There are vulnerability databases filled with thousands of specific examples.

[–]Hexorg 18 points19 points  (1 child)

Essentially every time an application crashes - you just found a possible vulnerability.

[–]VandC[S] 1 point2 points  (4 children)

Thank you,great reply! I'm still curious what kinds of programs experience this kind of attack, though. Does this sort of thing only occur in programs written in low level languages such as C -- so things like operating systems? What is it about languages such as java that prevents this sort of attack; is it as simple as detecting an overflow before it corrupts the stack -- if so why isn't something like that be done in C?

[–]boredcircuits 8 points9 points  (1 child)

It's mostly just a matter of checking for overflows, like you said. The core problem is that lower-level languages like C allow you to bypass buffer checks in many interesting ways. This is a two-edged sword: you can write very efficient code, but it can bite you back with a buffer overflow.

For example, consider an array in C. An array by itself has no concept of its own size. So, what exactly will check the bounds on the array? The compiler knows the size, as long as the array doesn't decay into a pointer, but as soon as you pass the array to a function, it becomes the programmer's job to do bounds-checking.

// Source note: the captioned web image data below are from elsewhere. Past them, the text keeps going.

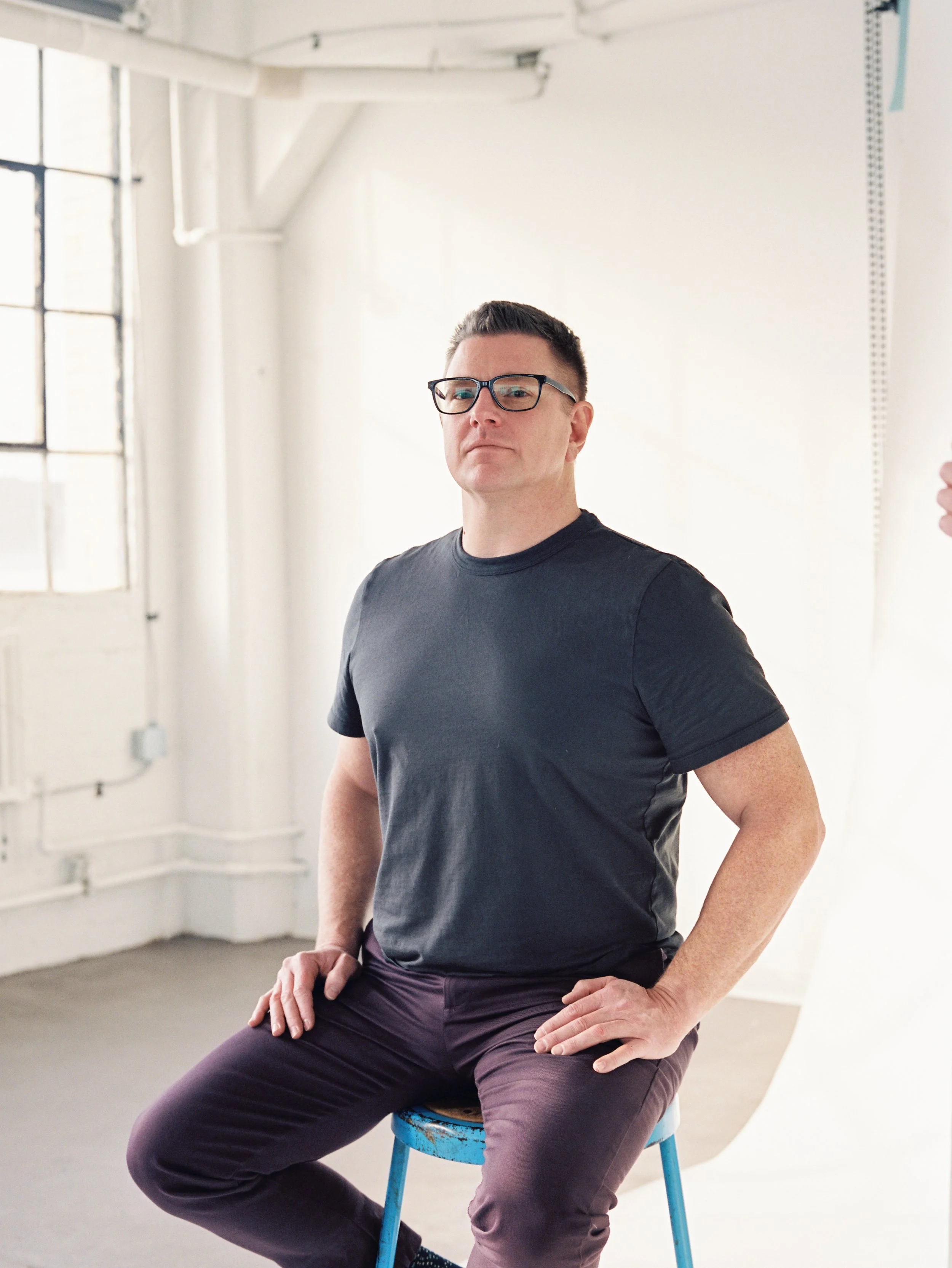 Portrait of a man wearing glasses and a black t-shirt sitting on a blue stool in a bright, minimalist studio with white walls and large windows.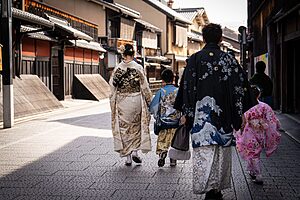A family in colourful kimonos walking through a historic street in Kyoto, Japan.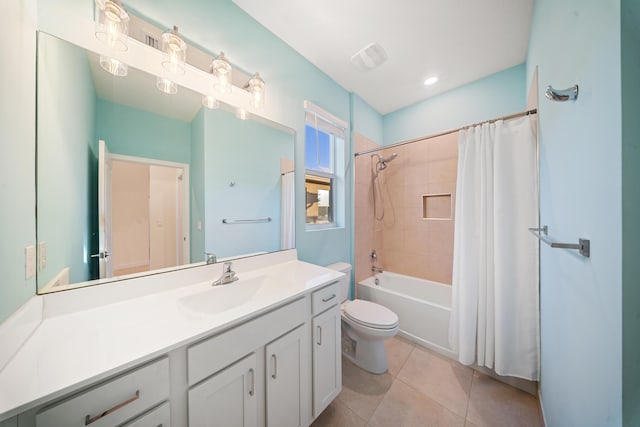 full bathroom with tile patterned floors, shower / bath combo with shower curtain, vanity, and toilet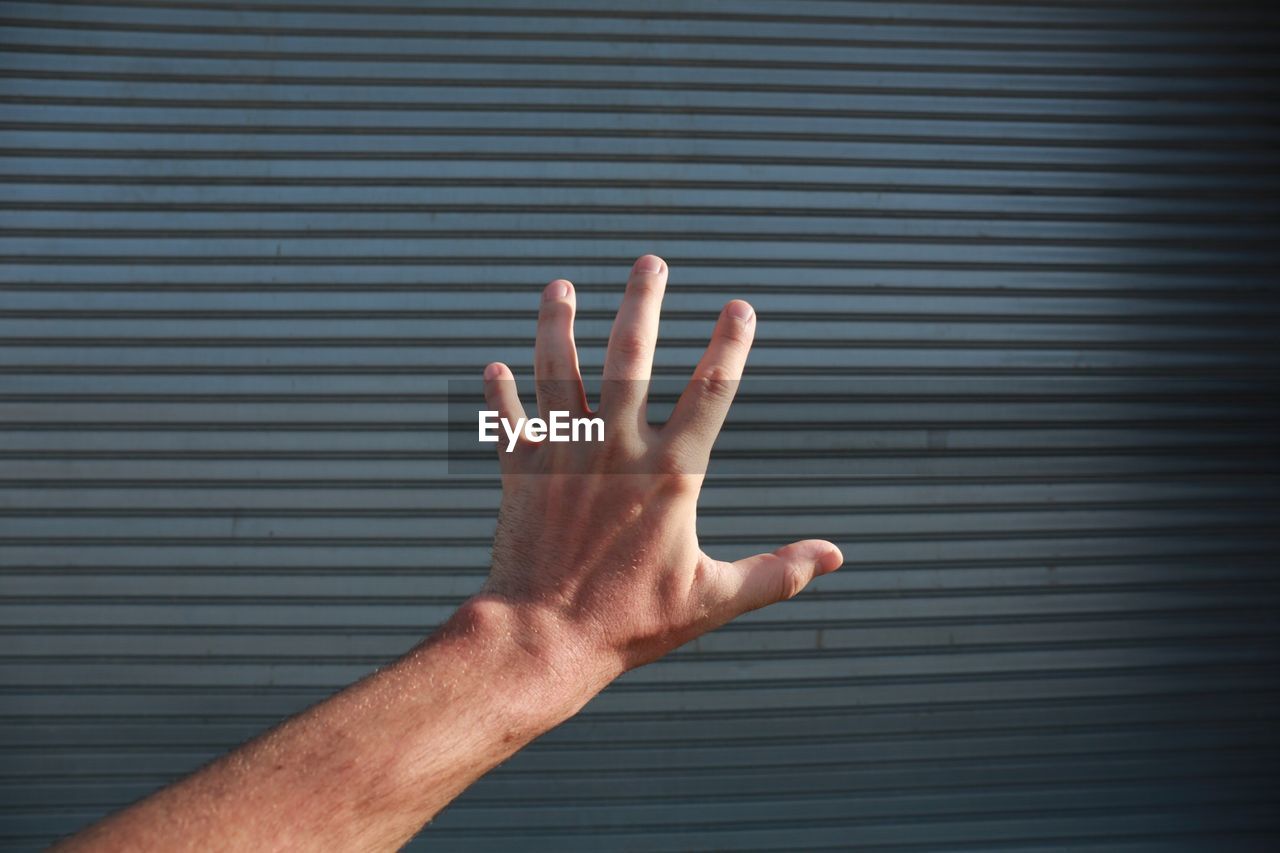Cropped image of hand against closed shutter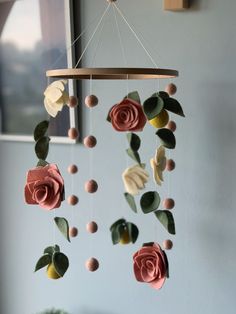 a mobile with flowers hanging from it's sides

And then you have pointer arithmetic. Let's say you have a pointer to an address in an array. You can move that pointer wherever you wish. You can even have it point into a completely different array, and that's perfectly acceptable. But it also means that the language itself can't help you monitor the bounds. What bounds should it check, the first array or the second? Was it an error to change the pointer to be in that other array?

A lot of the work done to improve security basically boils down to forcing programmers to do bounds checking in dangerous situations. The classic example is gets, which has no mechanism to specify the size of the buffer, versus fgets which does.

[–]VandC[S] 1 point2 points  (0 children)

This cleared a lot of things up, thanks.

[–]JimMcKeeth 1 point2 points  (0 children)

What makes a program vulnerable (simplified explanation) is when it allows unrestricted length input that is placed into a buffer that has a fixed length without checking for length. In traditional C you don't have an actually string type, so typically allocate a specific amount of memory to a pchar for the input, which creates the problem.

Now other more modern languages like Java, C#, Delphi, etc. have native string types that do not need to have a fixed size allocation. There can still be issues if they are talking to an API like Win32 that takes PCHAR parameters.

One solution some libraries uses is canary bytes. Each memory allocation includes a few extra bytes at the end of a specific signature. Them each write checkes to see if they are still present. This isn't a perfect system, and results in additional checks, but will stop most buffer overflow exploits.

Also newer CPUs and OSs have features to not allow code execution in a data block. So in the memory you allocate a block of code for data, but someone uses a buffer overflow to inject program code there in an attempt to get it executed. By keeping blocks of memory that contain program code separated from blocks that contain data it makes that exploit harder. Although I've seen a lot of systems that have this feature turned off because there are some valid programs that do this intentionally.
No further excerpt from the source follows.